大きく変える部分は、ダイハツは現在、トヨタの新興国小型車カンパニー(ECC)内に位置付けられ、東南アジアなど新興国向け小型車はダイハツが開発し、トヨタにOEM(相手先ブランドでの生産)供給していたのを改め、順次トヨタからの委託開発に切り替える点だ。
OEMでは、開発から法規に適合させる認証業務までをダイハツが責任をもって対応する形をとっていたが、委託形式だと、トヨタが開発から認証までに責任を持つ形になる。同様に国内市場向けのトヨタの小型SUV「ライズ」などもダイハツからのOEMだったのを順次委託開発に切り替える。これに合わせてECCは解消する。
OEMから委託開発に切り替える理由について、ダイハツの会見後に記者団の取材に応じたトヨタの中嶋裕樹副社長(開発担当)はこう説明した。

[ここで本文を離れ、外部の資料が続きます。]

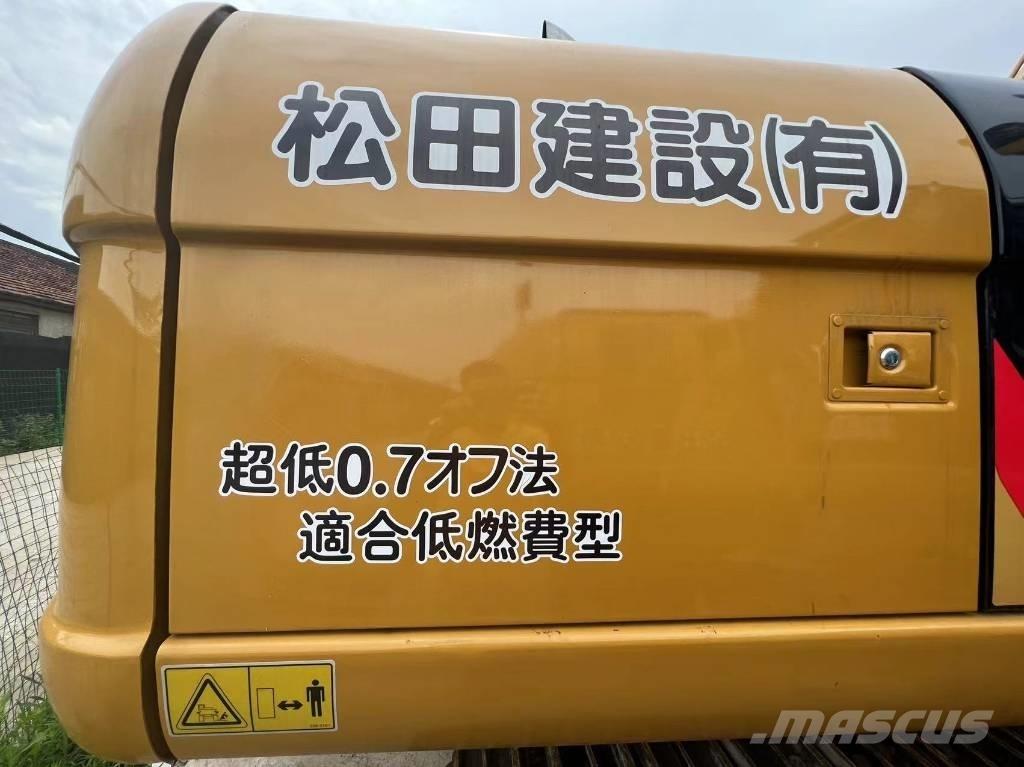 CAT 320 Kāpurķēžu ekskavatori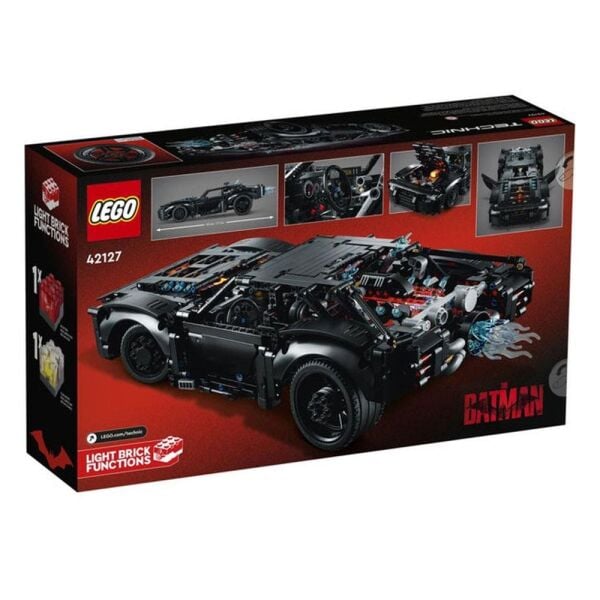 LEGO TECHNİC BATMOBİL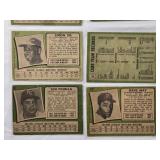 Lot of 20 Topps 1971 Vintage Baseball Cards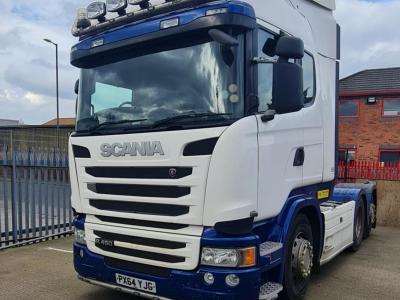 SCANIA R450 Rear Lift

「国ごとに法規が変わり、それに合わせて認証作業も変わる。トヨタにはその対応に長けた人材もいるので、トヨタが責任をもって受け持つ体制に変える」
国ごとに法規の内容が変わることに加え、現地語で書かれた法規を翻訳する作業も必要になる。さらに法規を開発車種ごとに適合させるため、膨大な作業となるが、世界各地でクルマを開発、生産、販売しているトヨタには、その対応に慣れた人材が多いため、そうした部分をすべてトヨタが対応するということだ。
ただ、トヨタの小型車の開発をダイハツが担うという分担は変更しない。そもそもダイハツがECC内に組み込まれたのは、ダイハツが軽自動車で培ってきたコスト対応力などのノウハウを、原価が高いトヨタの小型車に採り入れ、市場競争力を持たせることにあったからだ。このダイハツの強みをトヨタが活用するという考え方は変えない。